Vale lembrar que essa não é exatamente a primeira vez que Campinas vê Adam em ação — ele já havia passado pelo Gate 22 em 2025, numa das noites mais elogiadas da casa. Mas estrear no CAOS é um capítulo novo, e a expectativa é alta.

Dividindo o espaço com ele, Roddy Lima chega embalado por um momentum impressionante.

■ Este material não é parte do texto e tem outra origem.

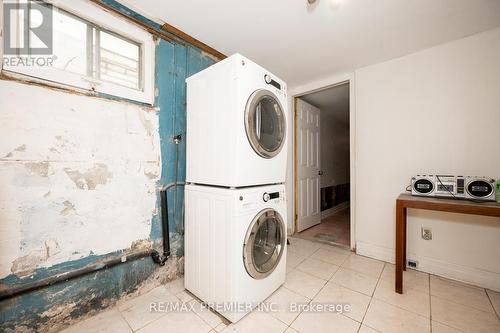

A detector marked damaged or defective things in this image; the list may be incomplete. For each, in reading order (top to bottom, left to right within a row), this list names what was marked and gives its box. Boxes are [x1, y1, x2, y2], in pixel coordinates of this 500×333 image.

peeling painted wall [0, 80, 160, 278]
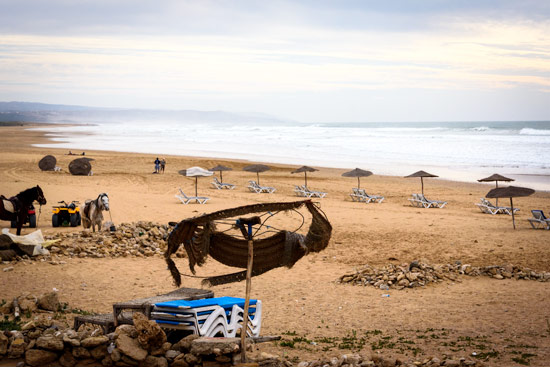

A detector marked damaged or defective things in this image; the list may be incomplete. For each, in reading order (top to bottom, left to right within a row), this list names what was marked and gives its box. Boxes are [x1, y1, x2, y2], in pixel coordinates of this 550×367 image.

torn fabric hammock [166, 200, 334, 286]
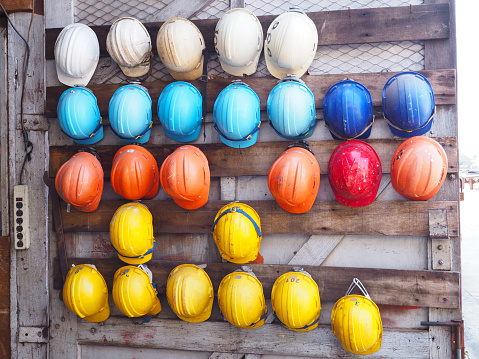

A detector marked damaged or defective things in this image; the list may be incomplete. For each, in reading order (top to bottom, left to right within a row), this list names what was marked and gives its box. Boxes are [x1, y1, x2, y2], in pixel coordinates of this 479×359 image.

rusty metal bracket [43, 172, 69, 286]
rusty metal bracket [430, 210, 452, 272]
rusty metal bracket [422, 322, 464, 359]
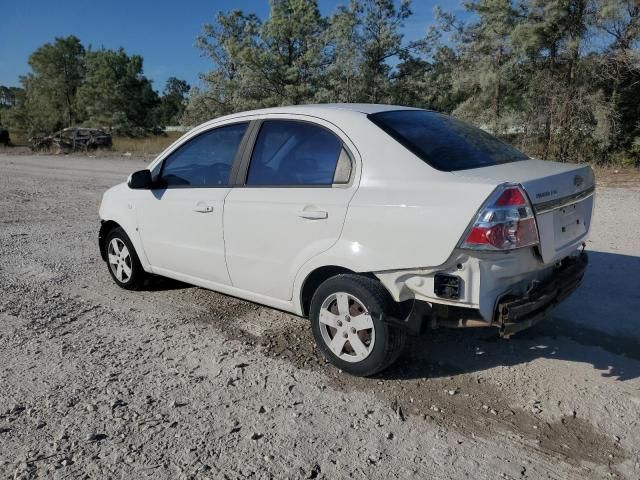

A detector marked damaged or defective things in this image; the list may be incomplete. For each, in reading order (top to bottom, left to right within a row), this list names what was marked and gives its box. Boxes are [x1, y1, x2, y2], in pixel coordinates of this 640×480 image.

damaged rear bumper [496, 253, 592, 336]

O paulistano construiu sua trajetória de forma independente e foi conquistando, tijolo por tijolo, espaço em algumas das pistas mais respeitadas do mundo — Space Miami, Hï Ibiza, Warung, Surreal Park, Só Track Boa e Tomorrowland Brasil já estão na lista. Seu som direto e envolvente rendeu suporte de nomes como Fisher, John Summit, Lee Foss, Jamie Jones e Michael Bibi. Lançou em selos como Repopulate Mars, Experts Only e Black Book Records, além de ter assinado uma parceria com Vintage Culture na faixa "Analog Ascent". Mais recentemente, fez sua estreia na BBC Radio 1 ao lado de Pete Tong — um passo que diz muito sobre o tamanho do caminho que já percorreu.

A programação ainda tem muito mais a oferecer. O argentino NUUN, radicado no Brasil há mais de uma década, traz um projeto sonoro construído sobre atmosferas densas, linhas melódicas profundas e pulsos tribais que se desenvolvem de forma orgânica — o tipo de set que puxa a pista pra dentro sem que ninguém perceba exatamente quando isso aconteceu.

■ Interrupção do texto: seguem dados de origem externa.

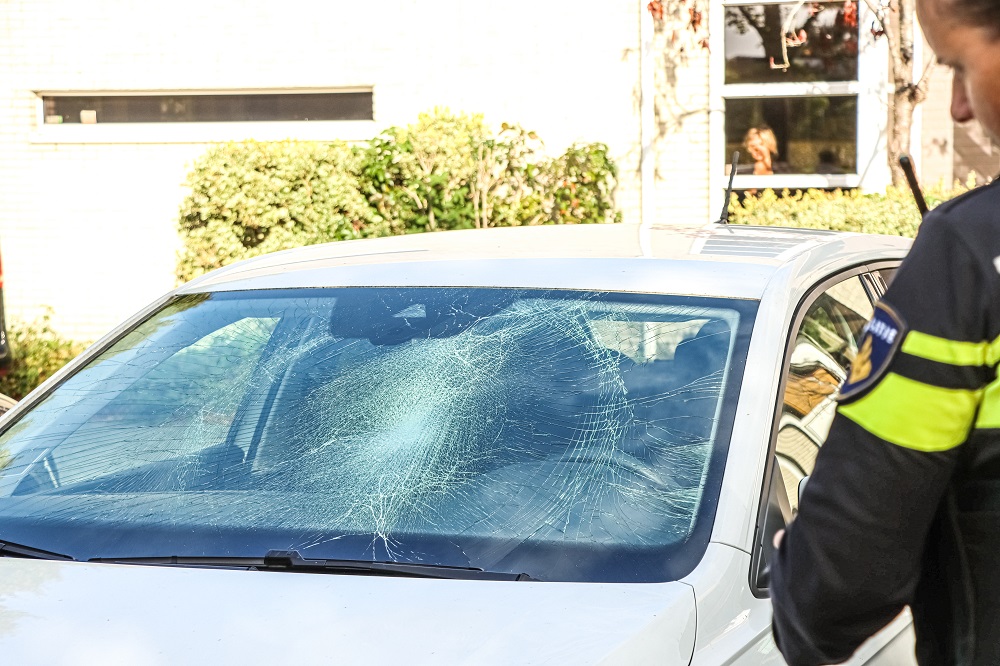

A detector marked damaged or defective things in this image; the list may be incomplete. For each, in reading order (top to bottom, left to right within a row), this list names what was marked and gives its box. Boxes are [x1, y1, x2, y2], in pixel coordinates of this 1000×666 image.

shattered windshield [0, 288, 752, 580]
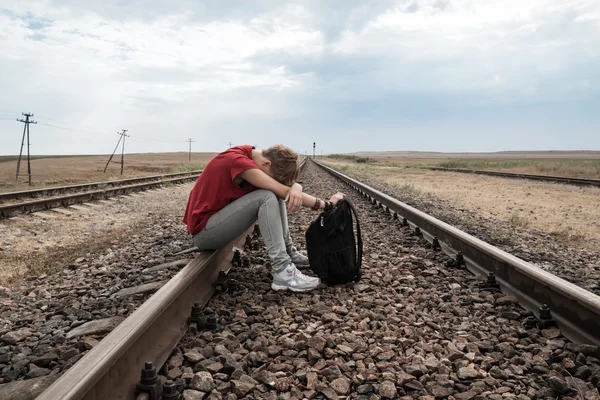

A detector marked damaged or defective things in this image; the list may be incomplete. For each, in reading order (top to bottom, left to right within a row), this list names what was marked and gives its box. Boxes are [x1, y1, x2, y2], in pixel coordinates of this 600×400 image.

rusty rail [314, 161, 600, 346]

Ana Tada representa outra camada importante da noite. A artista transita com elegância entre house, deep house, minimal e indie dance, incorporando referências de jazz, blues, MPB e R&B em sets que são ao mesmo tempo sofisticados e completamente dançantes.

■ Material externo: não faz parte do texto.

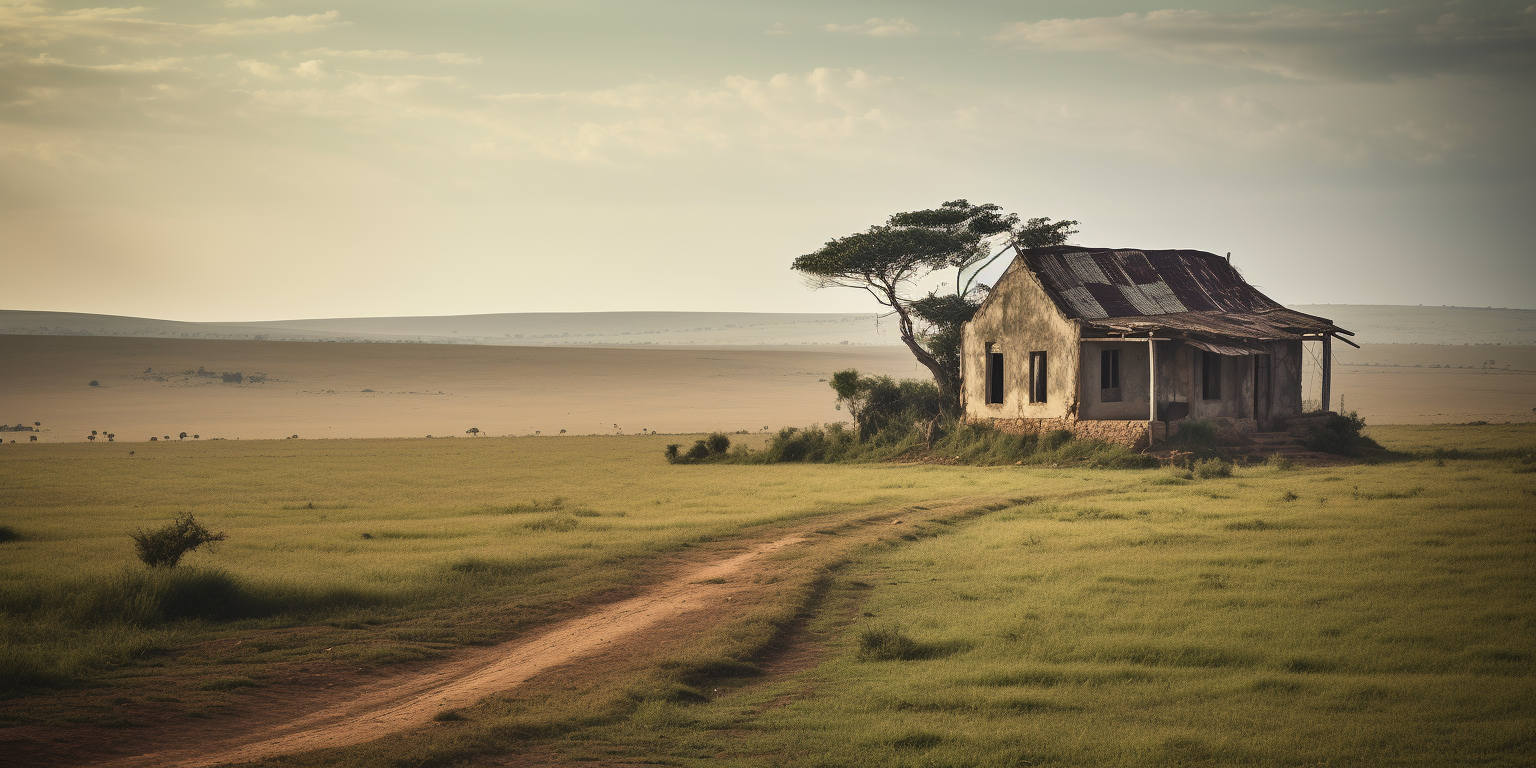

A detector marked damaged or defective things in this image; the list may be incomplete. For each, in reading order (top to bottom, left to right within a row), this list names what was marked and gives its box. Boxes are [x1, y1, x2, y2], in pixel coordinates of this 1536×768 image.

rusty roofing [1020, 246, 1344, 342]
broken window [1024, 352, 1048, 404]
broken window [1096, 350, 1120, 402]
broken window [1200, 352, 1224, 402]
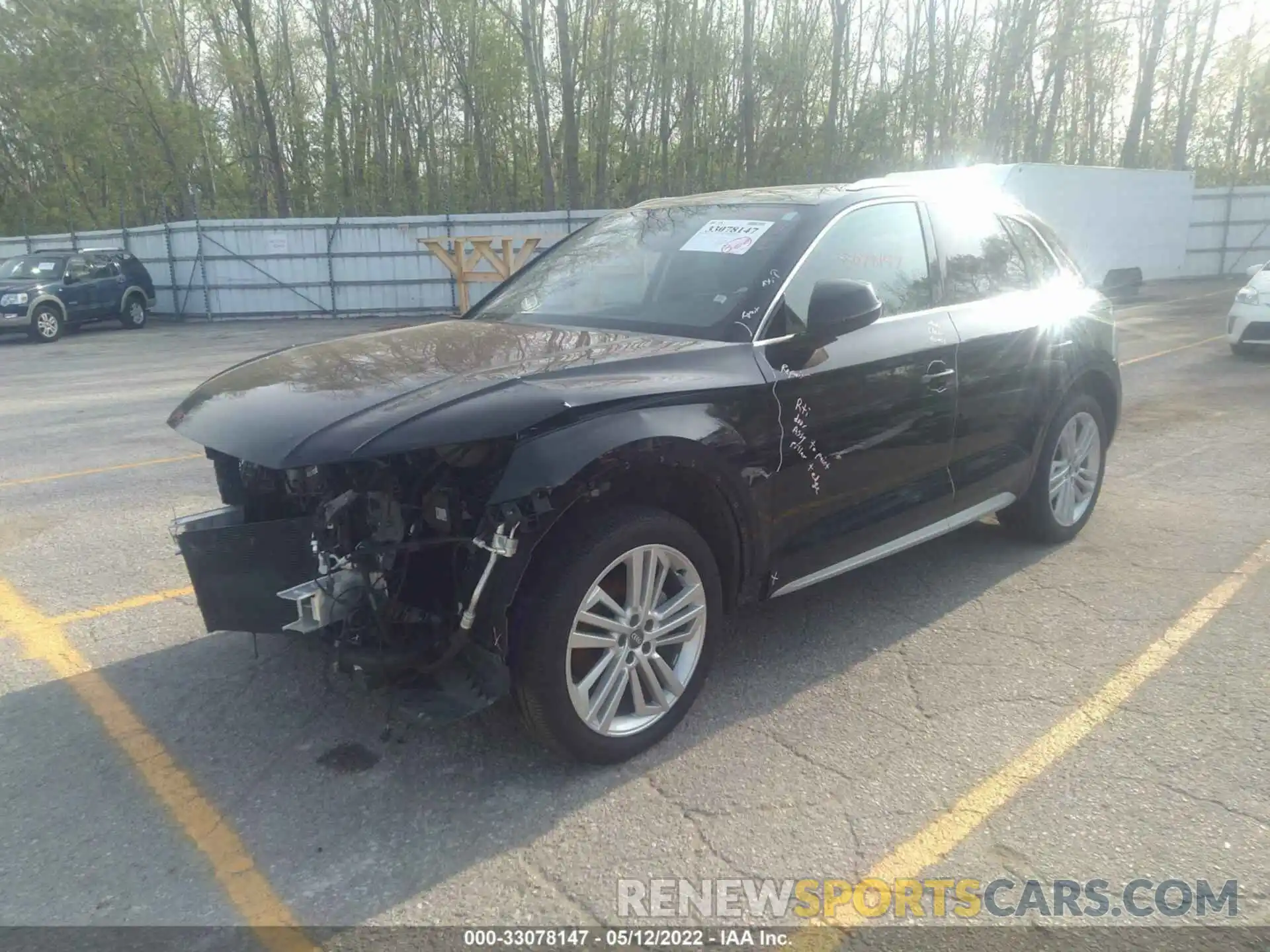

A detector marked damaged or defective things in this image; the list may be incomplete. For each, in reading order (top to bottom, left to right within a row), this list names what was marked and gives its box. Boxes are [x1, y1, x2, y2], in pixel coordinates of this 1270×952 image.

crumpled hood [166, 320, 736, 468]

Fechando o lineup, JP Castro aparece como um dos nomes mais promissores da nova geração brasileira. Com apenas 23 anos, o multi-instrumentista e produtor já tem no currículo passagens por Tomorrowland Brasil, Ame, Laroc e Green Valley, além de ter dividido cabine com Eric Prydz, Adriatique e Hernan Cattaneo. Não é pouca coisa.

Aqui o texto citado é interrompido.